One of our Spring titles, the third title in the Biblioasis International Translation Series, is Hans Eichner's Kahn & Engelmann. Translated by Jean Snook, it is multiple-generational saga of heart-breaking domestic tragedy, set against the backdrop of the Anschluss, and is also a major contribution to Holocaust literature. Though it seems awfully early to begin broadcasting reviews, the book has received its first, a starred review in the forthcoming April issue of Quill & Quire, which I'll post below. Kahn & Engelmann should be available by mid-April: we're just finalizing the last of the text now before going to press.
Kahn & Engelmann
by Hans Eichner; Jean M. Snook, trans.
Price: $21.95 paper
Page count: 336 pp.
Size: 5½ x 8½
An emeritus professor of German romantic literature living in Rockwood, Ontario, Hans Eichner published this, his first novel, at the tender age of 79, then had to wait almost a decade after its critical and commercial success in German before seeing it translated into English. Better late than never. Following the rough trajectory of the author’s own experience, this astounding, ambitious work is a paean to the Viennese Jews driven out of their country when Austria merged into Nazi Germany in 1938.

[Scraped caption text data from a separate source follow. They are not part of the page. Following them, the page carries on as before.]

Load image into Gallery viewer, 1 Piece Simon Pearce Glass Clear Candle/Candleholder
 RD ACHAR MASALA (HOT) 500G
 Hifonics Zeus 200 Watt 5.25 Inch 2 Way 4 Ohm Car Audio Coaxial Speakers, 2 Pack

The novel spans three generations, beginning with the migration of narrator Peter Engelmann’s grandparents, on foot – twice – from Hungary to Vienna. In Engelmann’s view, travelling is “the involuntary national sport of the Jews.” There is Engelmann’s flight to England via Brussels and, postwar, to Canada, then Israel. The experiences of Engelmann’s family in the garment trade feature prominently, in particular the poisoned relationship between his uncle (the Kahn of the title) and father, which eventually leads to the latter’s suicide.

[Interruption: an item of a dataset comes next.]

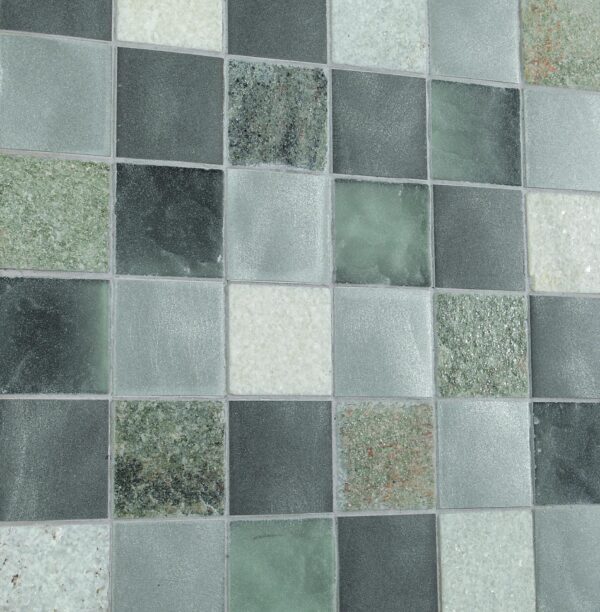 Dune Magma Grey 29.8x29.8cm Mosaic - Image 2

Midway through the novel, Engelmann notes that “the taste of quince reminds me of my childhood, albeit without awakening such a world of memories as Proust’s madeleine.” Yet Eichner’s novel is nothing if not a “world of memories” written, Proust-like, in stream-of-consciousness peppered with self-analysis. Eichner has an enjoyably sardonic sense of humour, a weakness for rabbi jokes, and a fondness for Jewish tradition, which he lovingly details, while nevertheless maintaining a deep skepticism about issues of religion and race.

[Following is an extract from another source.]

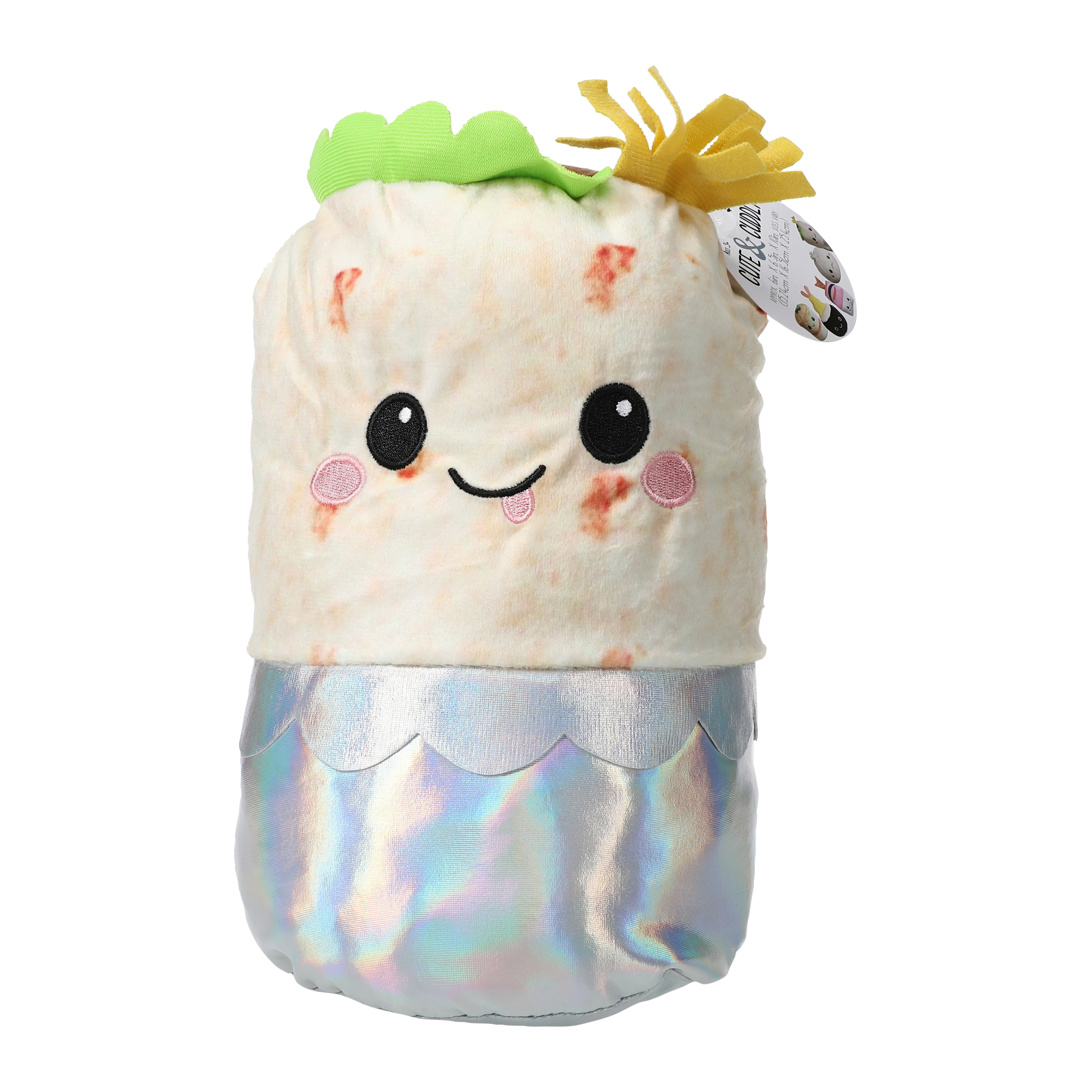 foodie plush stuffed animal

The Holocaust hovers over the text like a thug with his fist raised: we wonder only when the blow will come. But the novel takes an unexpected turn, and Engelmann’s large family emerges from the war relatively unscathed. Engelmann himself, however, suffers from a deep-seated guilt about the willful abandon with which he consumed the literature of his people’s executioners even as Jews died in droves in the camps. Engelmann’s developing awareness of the Nazi atrocities precipitates a career change – from professor to veterinarian – a crisis of faith that is only one potent ingredient in this original, moving novel.